So long as no pictures are carried over, output the records below exactly.
----- RECORDS TO PROCESS -----
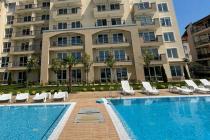 Бърза сделка! Студио в комплекс на първа линия до морето ID: 3833 - Снимка 10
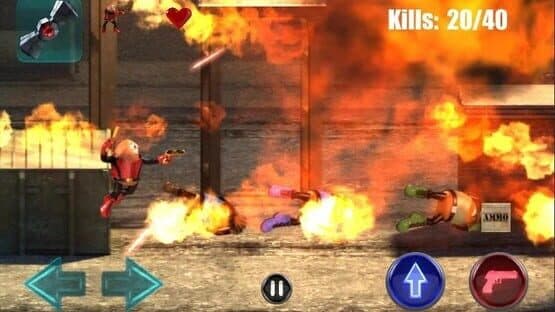 Killer Bean Unleashed — screenshot 2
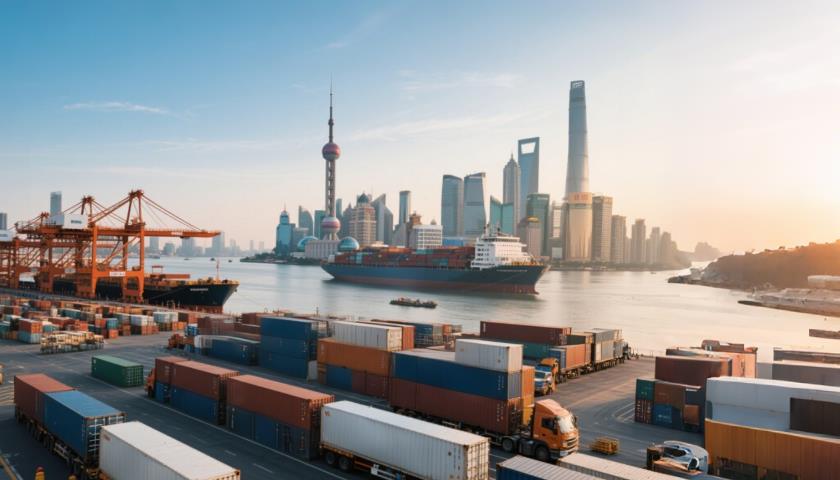 上海国际物流业在全球一体化的趋势中该如何实现可持续发展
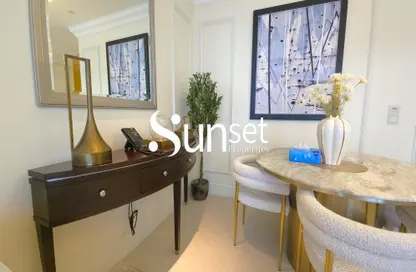 Apartment - 2 Bedrooms - 3 Bathrooms for rent in Kempinski BLVD - Downtown Dubai - Dubai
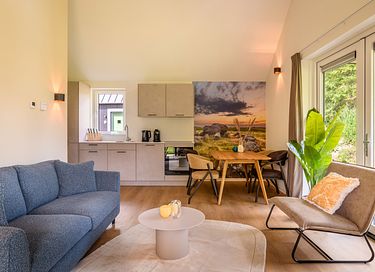 Wellness-Haus am Wasser mit Sauna - 2
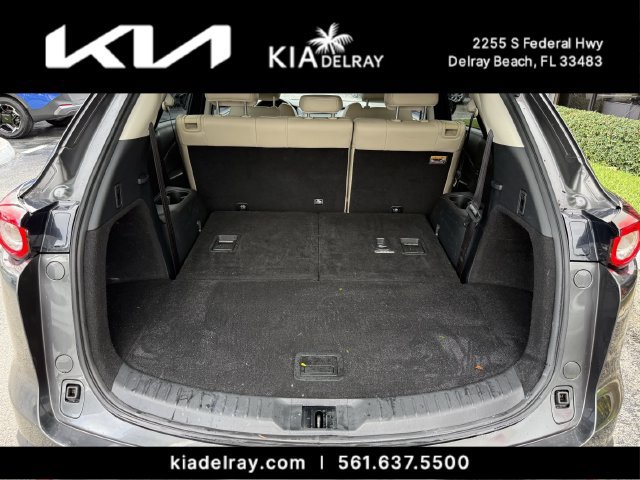 Used 2022 MAZDA CX-9 Touring Plus AWD/4WD image 8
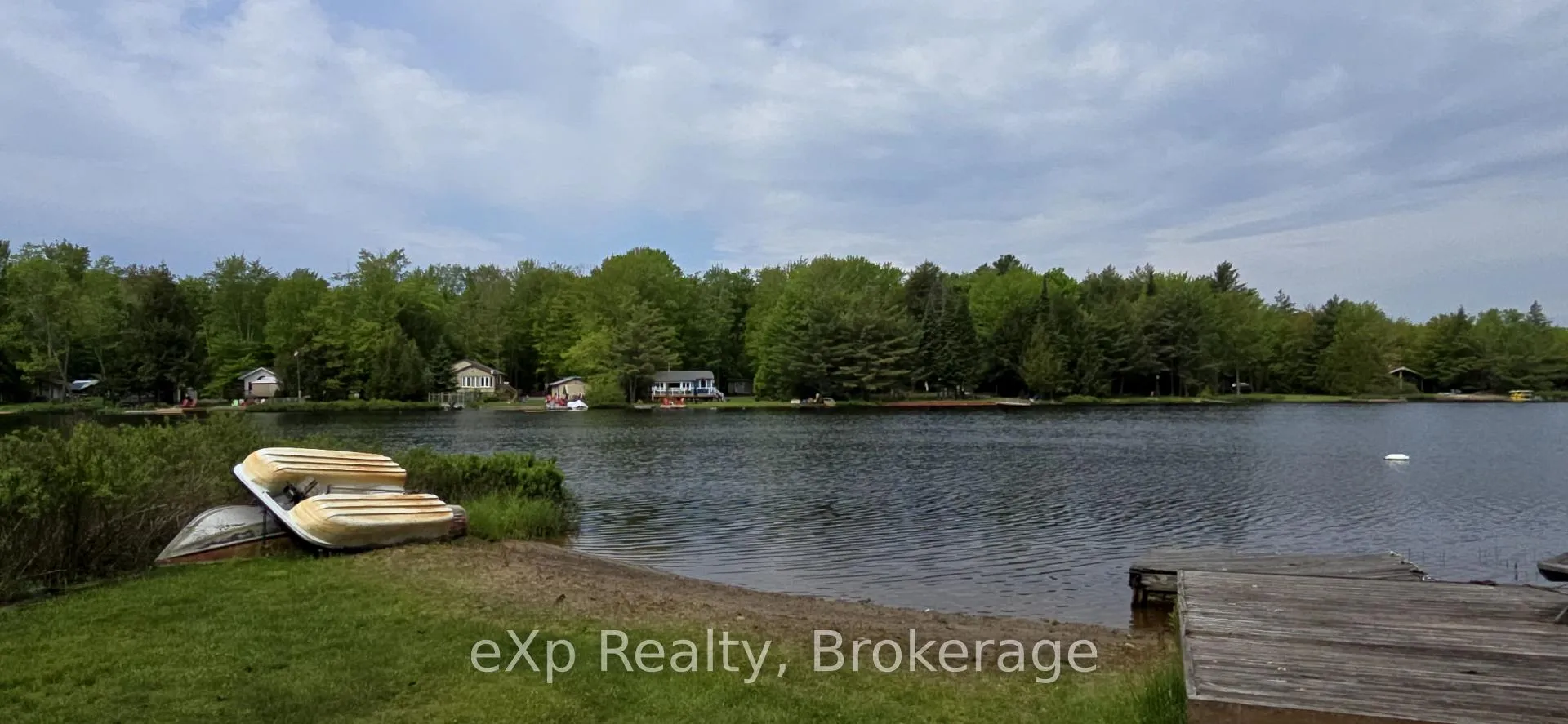 Photo 34 of 36 Roberts Lake Road E, Seguin — HOMEH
-----
● REPLY
 Бърза сделка! Студио в комплекс на първа линия до морето ID: 3833 - Снимка 10
 Killer Bean Unleashed — screenshot 2
 上海国际物流业在全球一体化的趋势中该如何实现可持续发展
 Apartment - 2 Bedrooms - 3 Bathrooms for rent in Kempinski BLVD - Downtown Dubai - Dubai
 Wellness-Haus am Wasser mit Sauna - 2
 Used 2022 MAZDA CX-9 Touring Plus AWD/4WD image 8
 Photo 34 of 36 Roberts Lake Road E, Seguin — HOMEH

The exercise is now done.